A great example of a small trimaran sailboat is the Hobie Adventure Island. It uses three hulls, a sail, and Hobie’s unique pedal, a paddle system of propulsion. Therefore, it is a hybrid-type boat, but the little Hobie is a trimaran first, with multiple ways to propel it through the water.
There are a few production trimarans you can pull behind a car and set up when you get to your chosen body of water. These boats are a bit larger than the Hobie.
On the larger side, Neel catamarans build entirely self-contained trimarans that can traverse the oceans. However, plan to spend more than you would on a Hobie Adventure, a lot more!
7. Pontoon boats vs. Tritoon’s
Although they are both pontoon boats, the traditional pontoon boat has two hulls that are either round or may have V or even flat hulls. They can be constructed from aluminum, fiberglass, composites, or a combination of materials.
Pontoon boats have a grid work frame that spans the pontoons and connects them into one unit. Then the framework is fitted with a deck. The ample space created offers a lot of area for fun in the sun while on the water.
Tritoons are also pontoon boats; however, they have three hulls instead of two. This attribute gives them more buoyancy and a larger weight capacity. That means you can have more powerful engines on a Tritoon than you can on a conventional two-hull pontoon boat.

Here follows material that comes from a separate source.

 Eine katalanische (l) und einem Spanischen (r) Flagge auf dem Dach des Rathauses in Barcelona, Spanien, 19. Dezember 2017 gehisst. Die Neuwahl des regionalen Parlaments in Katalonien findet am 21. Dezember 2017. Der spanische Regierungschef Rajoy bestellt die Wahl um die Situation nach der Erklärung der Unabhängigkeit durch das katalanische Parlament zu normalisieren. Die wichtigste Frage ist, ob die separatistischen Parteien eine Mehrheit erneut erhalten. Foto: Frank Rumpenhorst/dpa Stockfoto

Of the two, Tritoons are faster because you can put more power on three hulls than on two. After all, the three hulls can bear more weight. However, they can also be more expensive because many outboard motors can be as costly as the boat they are powering. So, adding a second one will cost you.
Adding an extra engine, or two, or three to any boat may give you more speed. However, it will add to the price of the boat you purchase and the cost of operating and maintaining your boat.
FAQs about the types of boat hulls
Which type of boat hull is the most stable?
Multi-hulls and boats with deep V hulls are generally the most stable.
How fast must a boat go to get on a plane?
A boat must reach a speed between 17 miles per hour (15 knots) and 23.01 miles per hour (20 knots).
Can sailboats plane?
Some sailboats can, if you can, get to a high enough speed and keep their hull in the water. The fastest sailboat in the world is the Vesta Sail Rocket 2, which reached 68.33 miles per hour in the Southern Ocean in 2012 and has held the title of the fastest sailboat ever since then.